从文件中删除停用词

Question

I want to remove stopwords from the Data column in my file. 我想从我的文件中的数据列中删除停用词。 I filtered out the line for when the end-user is speaking. 我过滤了最终用户说话时的界限。 But it doesn't filter out the stopwords with the usertext.apply(lambda x: [word for word in x if word not in stop_words]) what am i doing wrong? 但它没有使用usertext.apply(lambda x: [word for word in x if word not in stop_words])过滤掉停用usertext.apply(lambda x: [word for word in x if word not in stop_words])我做错了什么？

import pandas as pd
from stop_words  import get_stop_words
df = pd.read_csv("F:/textclustering/data/cleandata.csv", encoding="iso-8859-1")
usertext = df[df.Role.str.contains("End-user",na=False)][['Data','chatid']]
stop_words = get_stop_words('dutch')
clean = usertext.apply(lambda x: [word for word in x if word not in stop_words])
print(clean)

Answer 1

You can build a regex pattern of your stop words and call the vectorised str.replace to remove them: 你可以构建一个停用词的正则表达式模式，并调用vectorised str.replace来删除它们：

In [124]:
stop_words = ['a','not','the']
stop_words_pat = '|'.join(['\\b' + stop +  '\\b' for stop in stop_words])
stop_words_pat

Out[124]:
'\\ba\\b|\\bnot\\b|\\bthe\\b'

In [125]:    
df = pd.DataFrame({'text':['a to the b', 'the knot ace a']})
df['text'].str.replace(stop_words_pat, '')

Out[125]:
0         to  b
1     knot ace 
Name: text, dtype: object

here we perform a list comprehension to build a pattern surrounding each stop word with '\\b' which is a break and then we or all words using '|' 这里我们执行一个列表理解来构建一个围绕每个停止词的模式，用'\\b'表示休息，然后我们or所有单词使用'|'

Answer 2

Two issues: 两个问题：

First, you have a module called stop_words and you later create a variable named stop_words . 首先，您有一个名为stop_words的模块，稍后您将创建一个名为stop_words的变量。 This is bad form. 这是不好的形式。

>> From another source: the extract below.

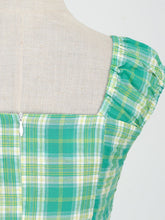 Load image into Gallery viewer, Green Plaid Sleeveless 1950S Vinatge Cotton Dress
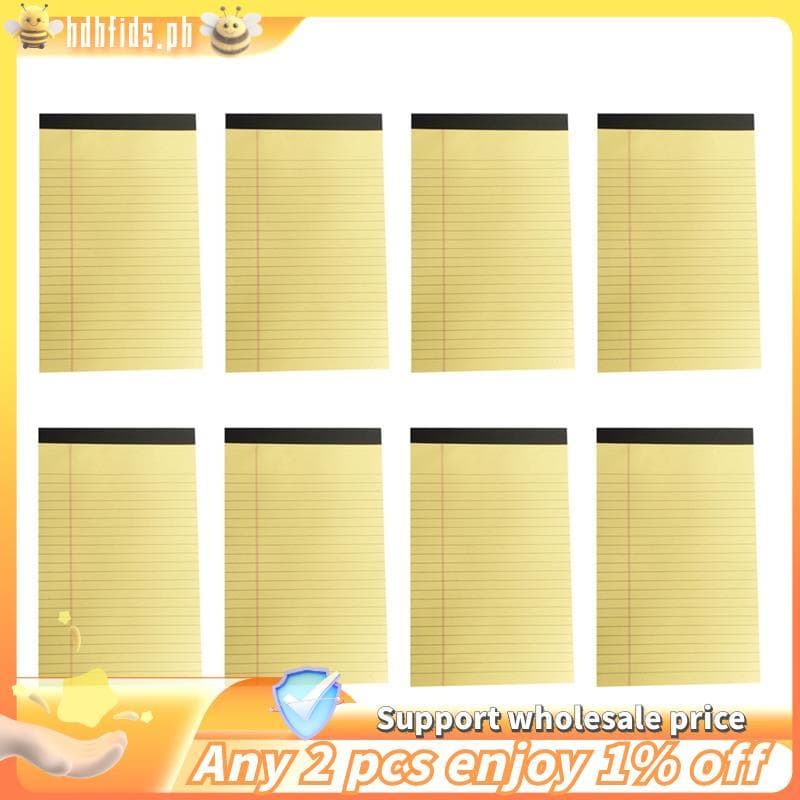 Blocos De Notas Amarelos 5X8 , 8 Pacotes De Pequenos 5X8 Bloco Perfurado Governado Universitário Para Trabalho Fácil De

Second, you are passing a lambda-function to .apply that wants its x parameter to be a list, rather than a value within a list. 其次，您将lambda函数传递给.apply ，它希望其x参数成为列表，而不是列表中的值。

That is, instead of doing df.apply(sqrt) you are doing df.apply(lambda x: [sqrt(val) for val in x]) . 也就是说，而不是执行df.apply(sqrt) ，而是执行df.apply(lambda x: [sqrt(val) for val in x]) 。

You should either do the list-processing yourself: 您应该自己进行列表处理：

clean = [x for x in usertext if x not in stop_words]

Or you should do the apply, with a function that takes one word at a time: 或者你应该使用一次只需一个单词的函数来执行apply：

clean = usertext.apply(lambda x: x if x not in stop_words else '')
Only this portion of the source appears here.